» What to produce:
Leaving out the images, reproduce every line of the data that follows exactly.

Available records below:

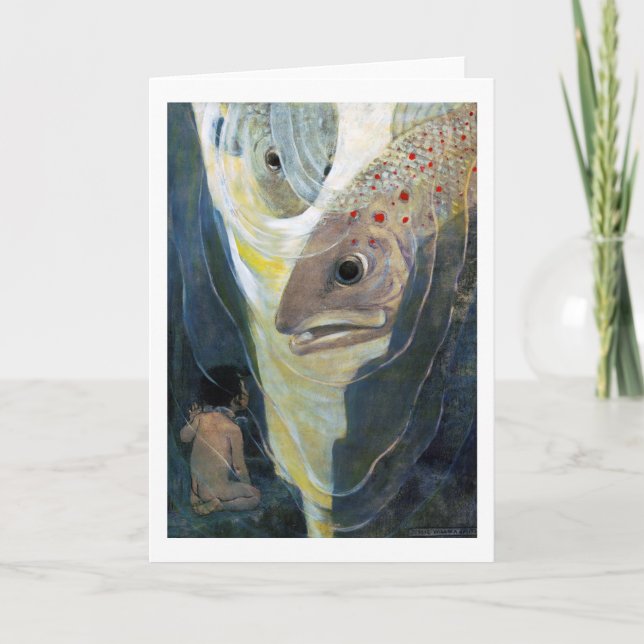 Vatten Baby och Fiskar, Jessie Willcox Smith Kort (Framsida)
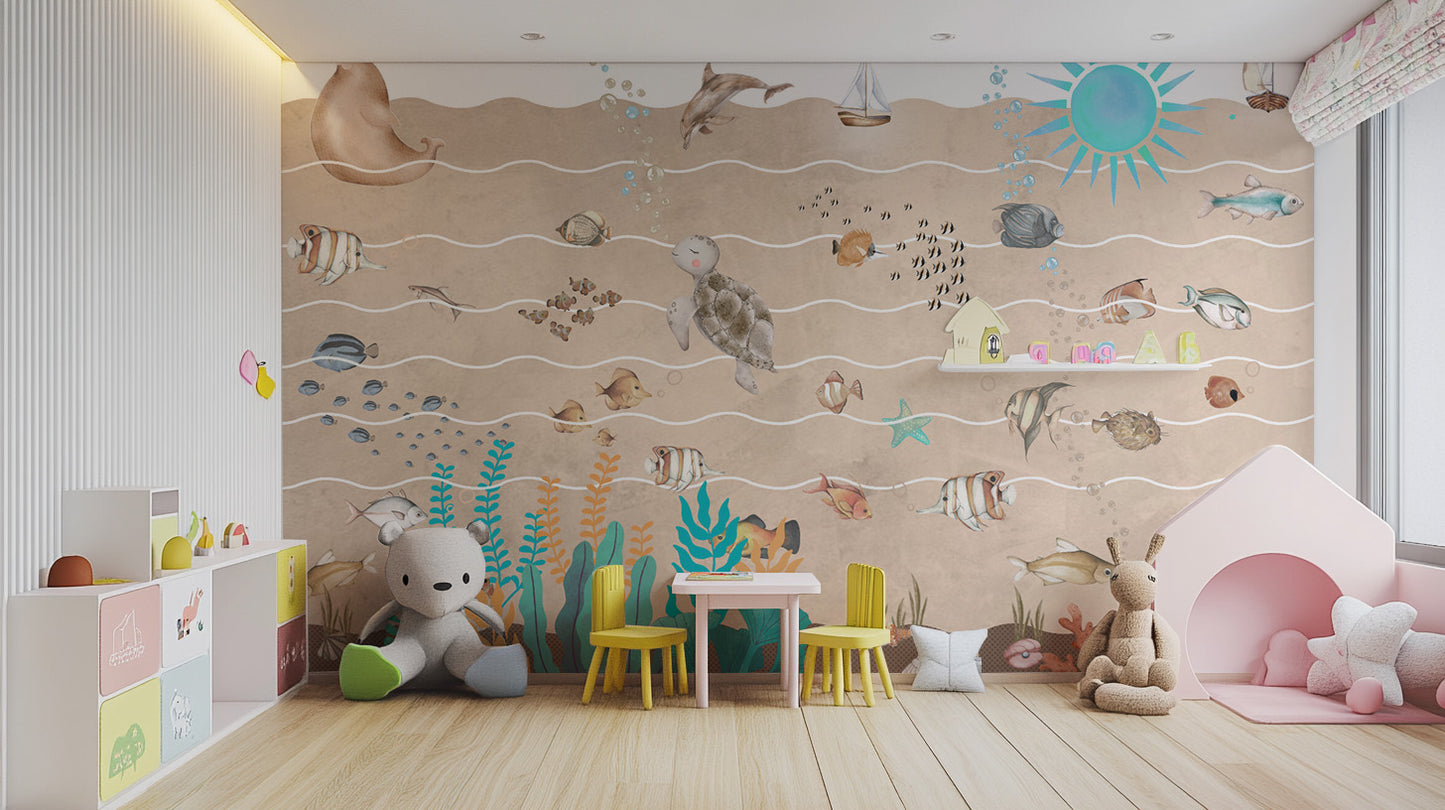 Underwater Sea Life Wallpaper Mural with ocean creatures
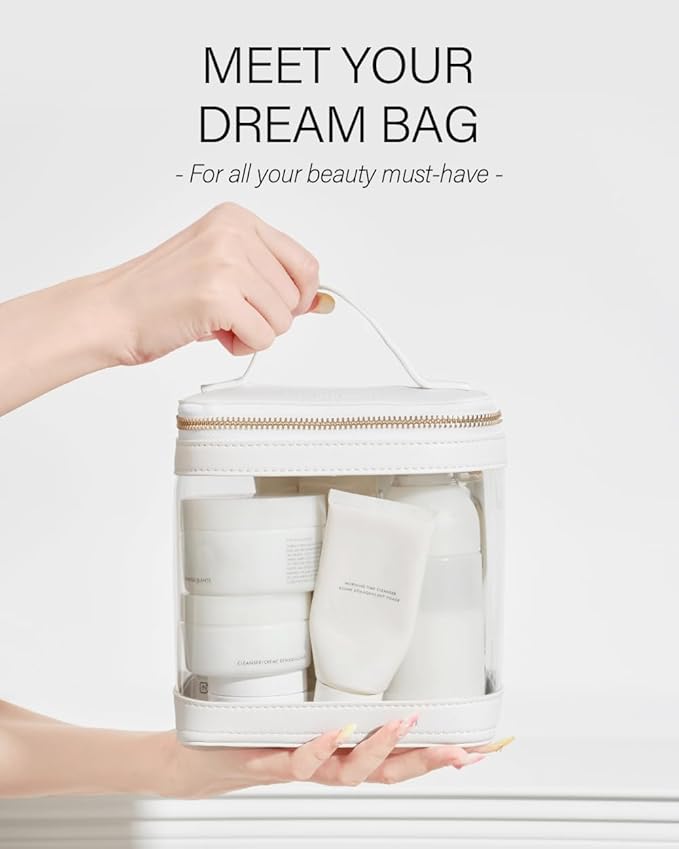 Camdeez ROWNYEON Clear Makeup Case Toiletry Bag Multipurpose Travel Makeup Train Case Portable Cosmetic Organizer Transparent Storage Bag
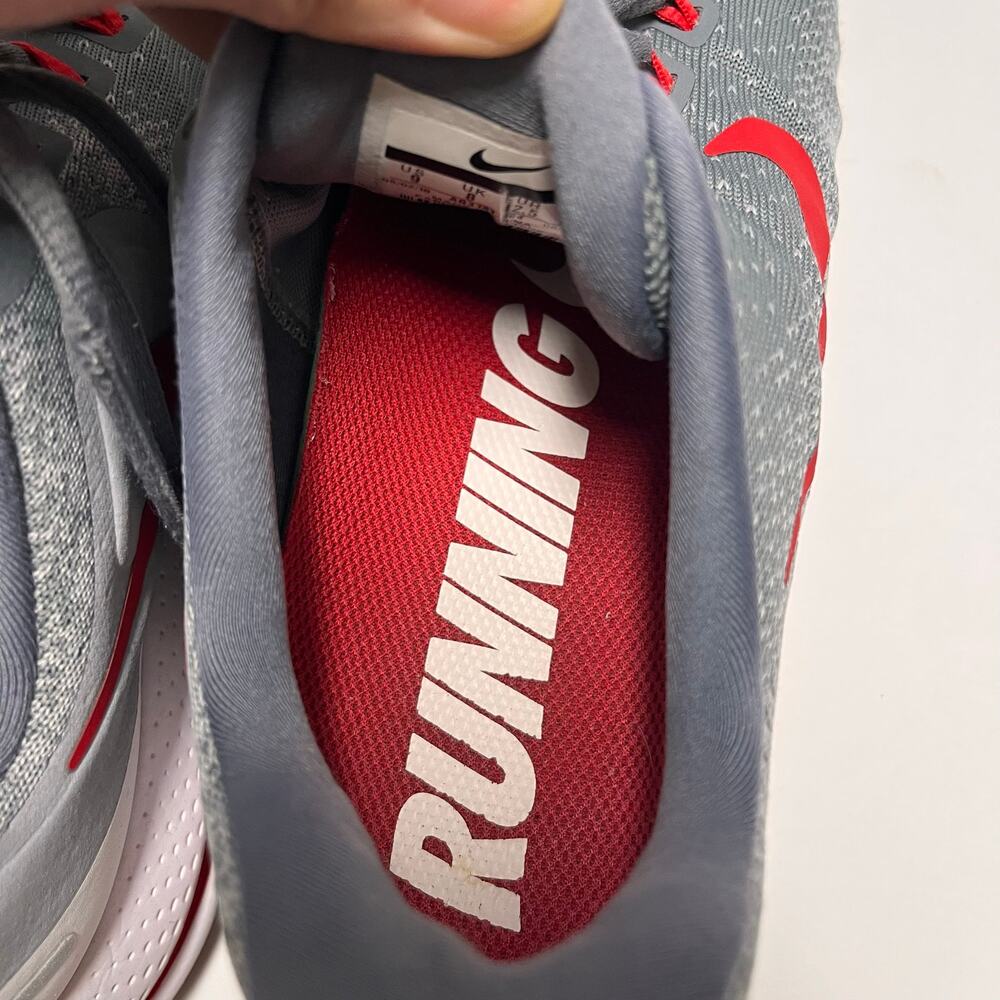 Nike Zoom Vomero 13 Men’s 9 Gray Red Running Shoes AO3181-064 Cushion Sneaker - Picture 7 of 10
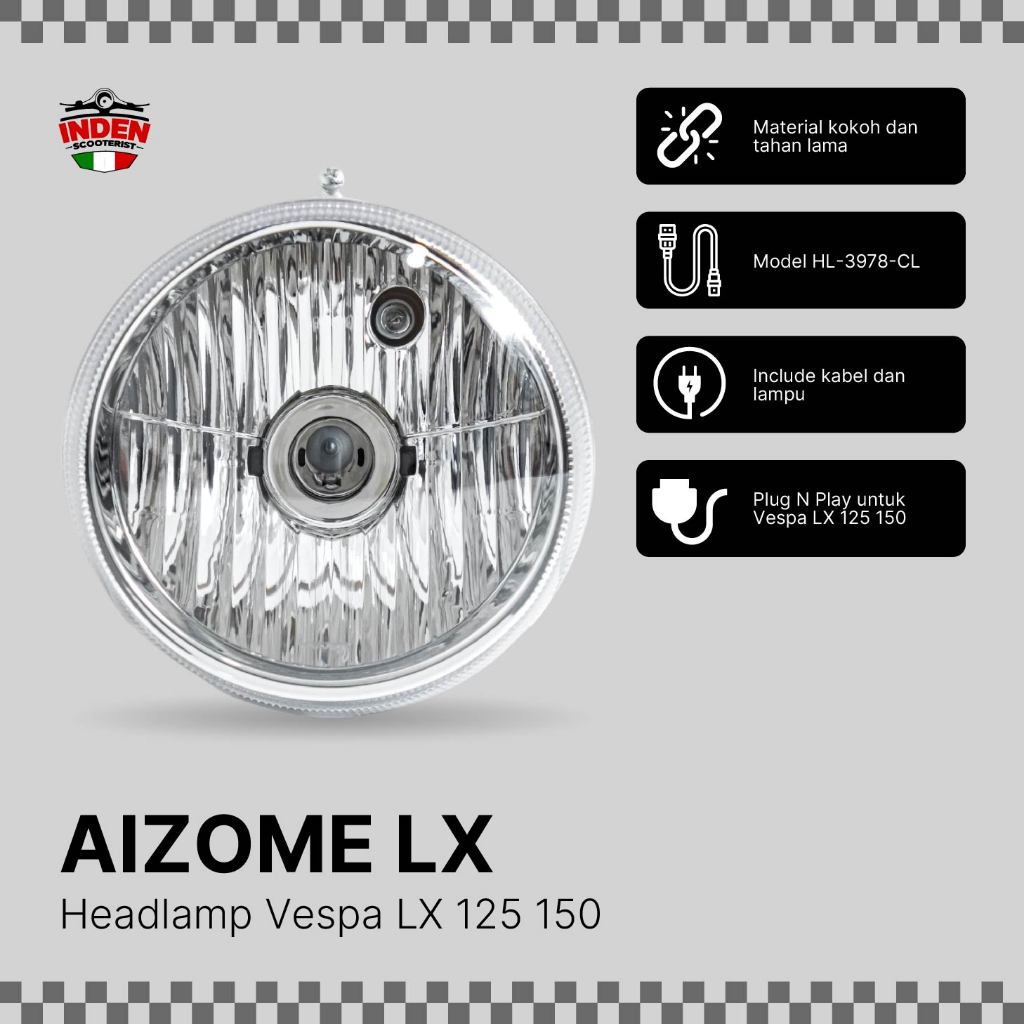 Headlamp Lampu Depan Original Piaggio Vespa LX 125 150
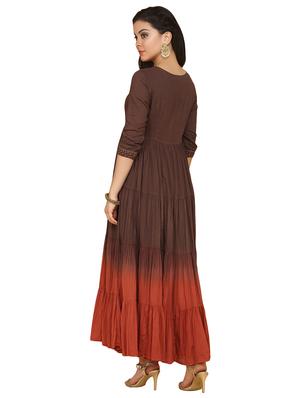 yoke embroidered tiered flare ethnic dress - 17469725 - Standard Image - 3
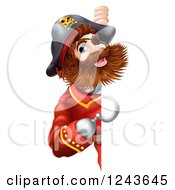 Poster, Art Print Of Pirate Captain With A Hook Hand Looking Around A Sign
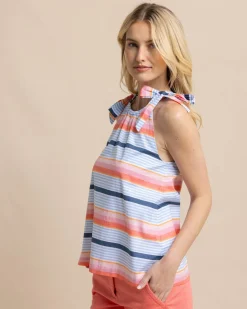 Southern Tide Kaylen Set Sail Stripe Top Conch Shell Best Sale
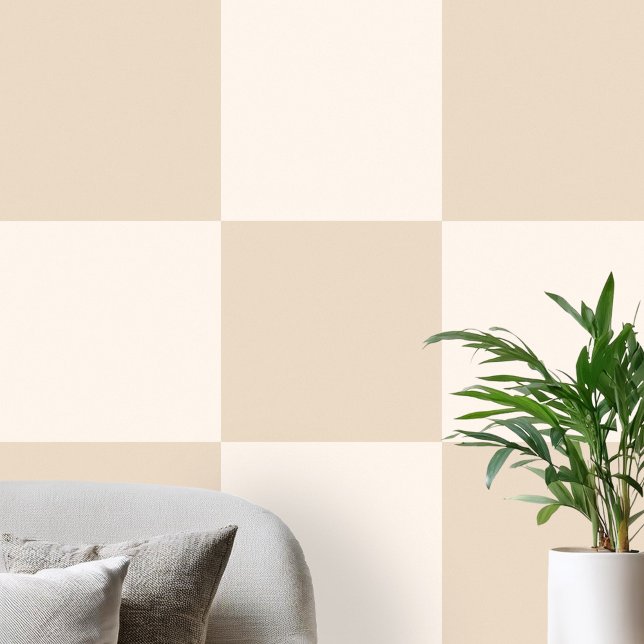 Neutral Beige Chequered Wallpaper (Creator Uploaded)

End of Available records.

» Solution below:
 Vatten Baby och Fiskar, Jessie Willcox Smith Kort (Framsida)
 Underwater Sea Life Wallpaper Mural with ocean creatures
 Camdeez ROWNYEON Clear Makeup Case Toiletry Bag Multipurpose Travel Makeup Train Case Portable Cosmetic Organizer Transparent Storage Bag
 Nike Zoom Vomero 13 Men’s 9 Gray Red Running Shoes AO3181-064 Cushion Sneaker - Picture 7 of 10
 Headlamp Lampu Depan Original Piaggio Vespa LX 125 150
 yoke embroidered tiered flare ethnic dress - 17469725 - Standard Image - 3
 Poster, Art Print Of Pirate Captain With A Hook Hand Looking Around A Sign
 Southern Tide Kaylen Set Sail Stripe Top Conch Shell Best Sale
 Neutral Beige Chequered Wallpaper (Creator Uploaded)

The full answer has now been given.